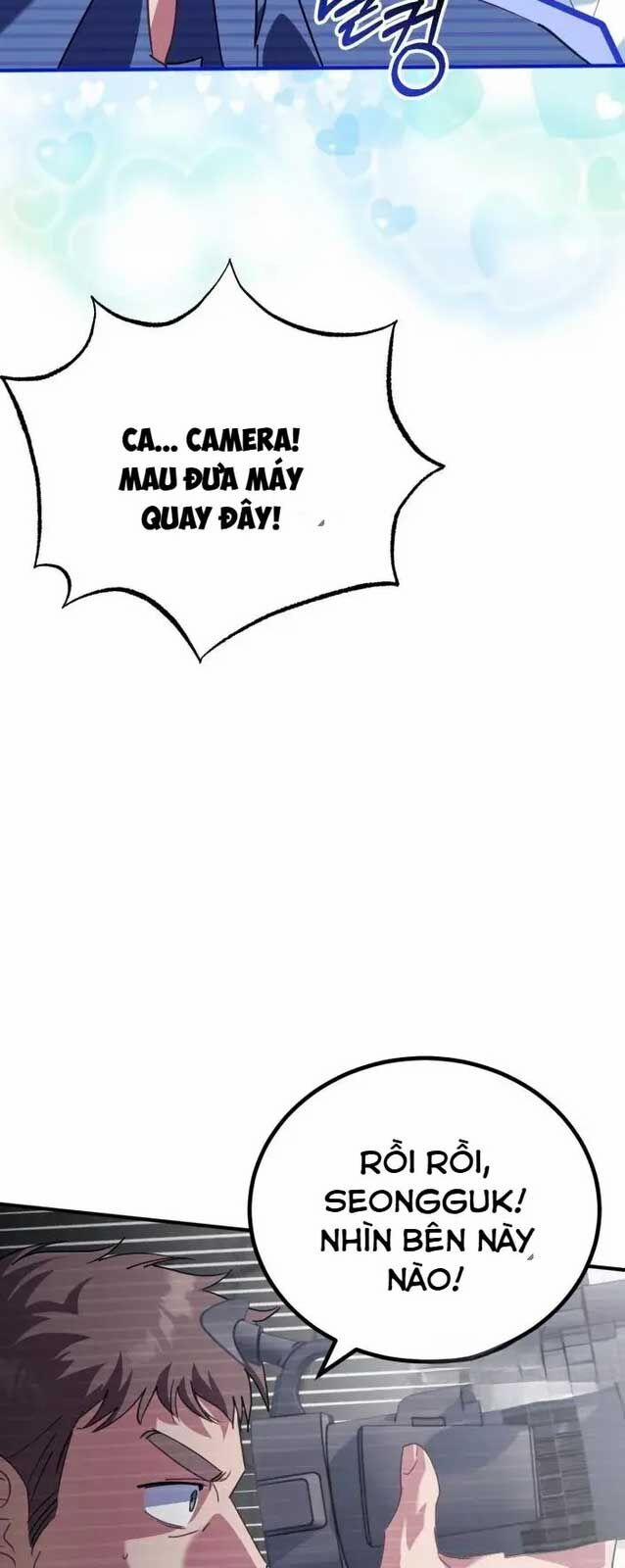 Tôi Sẽ Vực Dậy Gia Tộc Này 4 trang 66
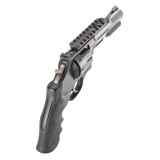 Revolver Smith & Wesson Performance center Model 327 TRR8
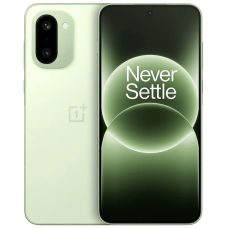 Смартфон OnePlus Ace 6T 16/1TB Green (PLR110)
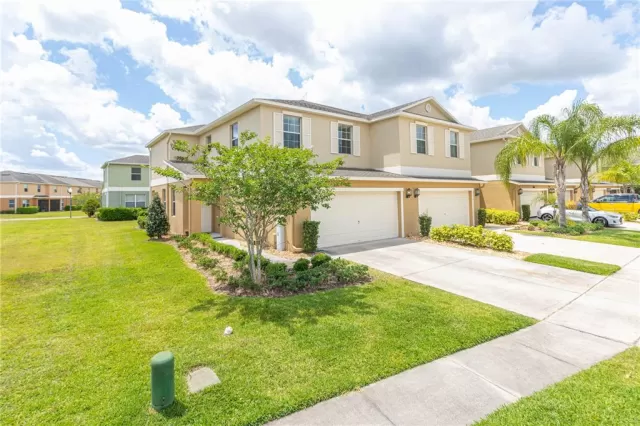 MLS: S5066730 Condo For Sale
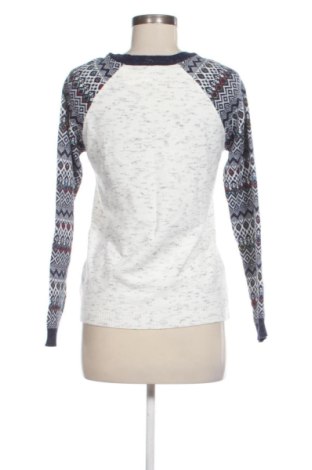 Damski sweter Unbranded, Rozmiar S, Kolor Kolorowy, Cena 80,38 zł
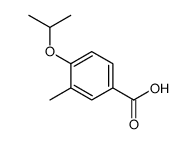 856165-81-6 structure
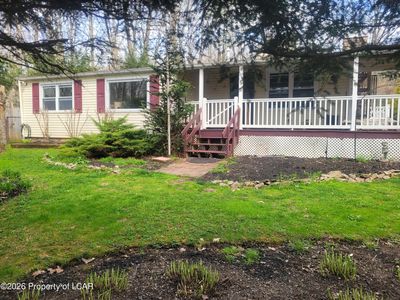 1038 Woodhaven Dr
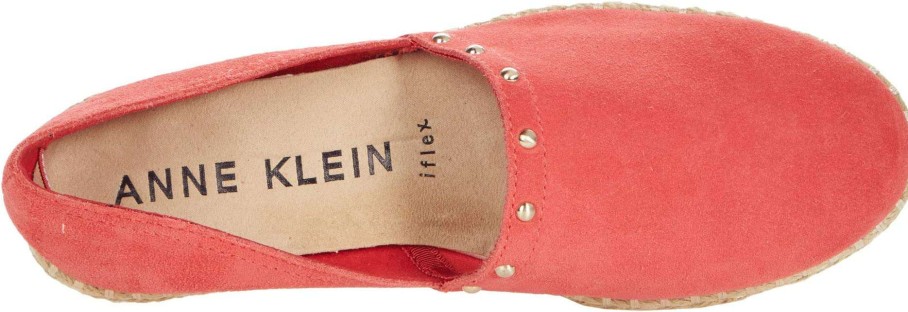 Anne Klein Shoes * | Kaidyn-S Anne Klein Top Sell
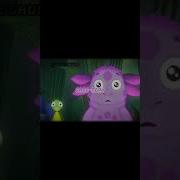 Лунтик Ностальгия Лунтик 2006 2024 Автор Krosh Memes Лунтианиме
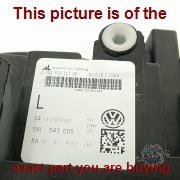 Part photo 5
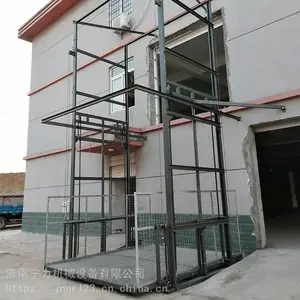 �������綯Һѹ����ʽ�̶�����ƽ̨���ñ�����¥���⳧���ֿ����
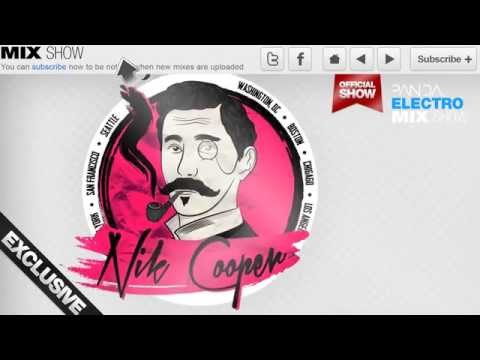 Electro mix 2012 - Electro House Mix 2013 ❤ http://j.mp/SUBSCRIBE-NOW ❤ Share it on Facebook: http://j.mp/OR5Dal | Tweet it: http://j.mp/Mw5ZHj Subscribe: http://j.mp/OR5G5Y | ...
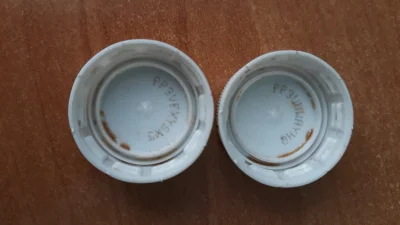 cadet - #pizzaportal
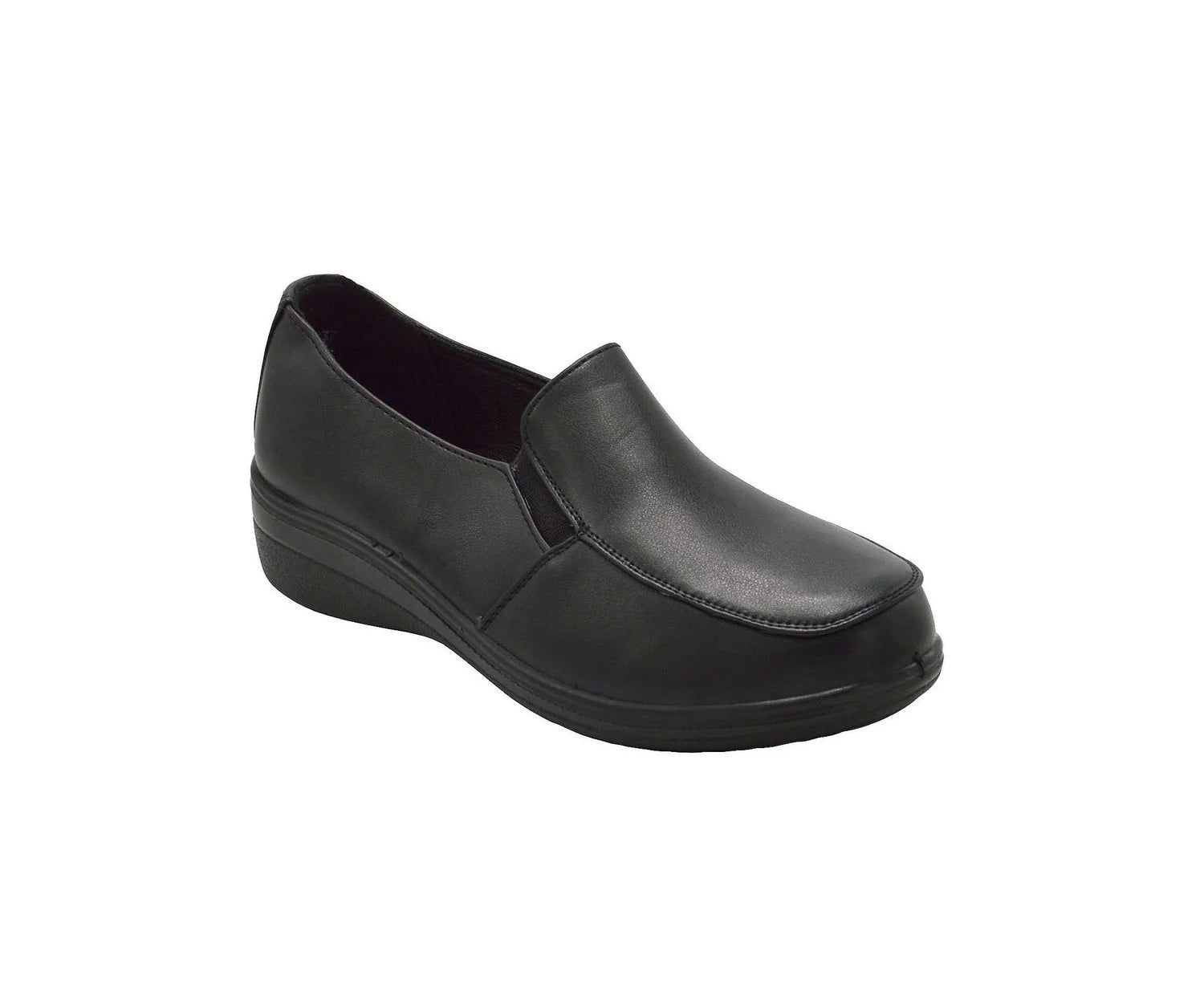 Wholesale Women's Classic Moccasin Loafers for Everyday Wear Layla NGJ0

____

* [Instructions to follow]: The entire listing above is to be copied exactly, with all pictures omitted.

* [Result of the task]:
 Tôi Sẽ Vực Dậy Gia Tộc Này 4 trang 66
 Revolver Smith & Wesson Performance center Model 327 TRR8
 Смартфон OnePlus Ace 6T 16/1TB Green (PLR110)
 MLS: S5066730 Condo For Sale
 Damski sweter Unbranded, Rozmiar S, Kolor Kolorowy, Cena 80,38 zł
 856165-81-6 structure
 1038 Woodhaven Dr
 Anne Klein Shoes * | Kaidyn-S Anne Klein Top Sell
 Лунтик Ностальгия Лунтик 2006 2024 Автор Krosh Memes Лунтианиме
 Part photo 5
 �������綯Һѹ����ʽ�̶�����ƽ̨���ñ�����¥���⳧���ֿ����
 Electro mix 2012 - Electro House Mix 2013 ❤ http://j.mp/SUBSCRIBE-NOW ❤ Share it on Facebook: http://j.mp/OR5Dal | Tweet it: http://j.mp/Mw5ZHj Subscribe: http://j.mp/OR5G5Y | ...
 cadet - #pizzaportal
 Wholesale Women's Classic Moccasin Loafers for Everyday Wear Layla NGJ0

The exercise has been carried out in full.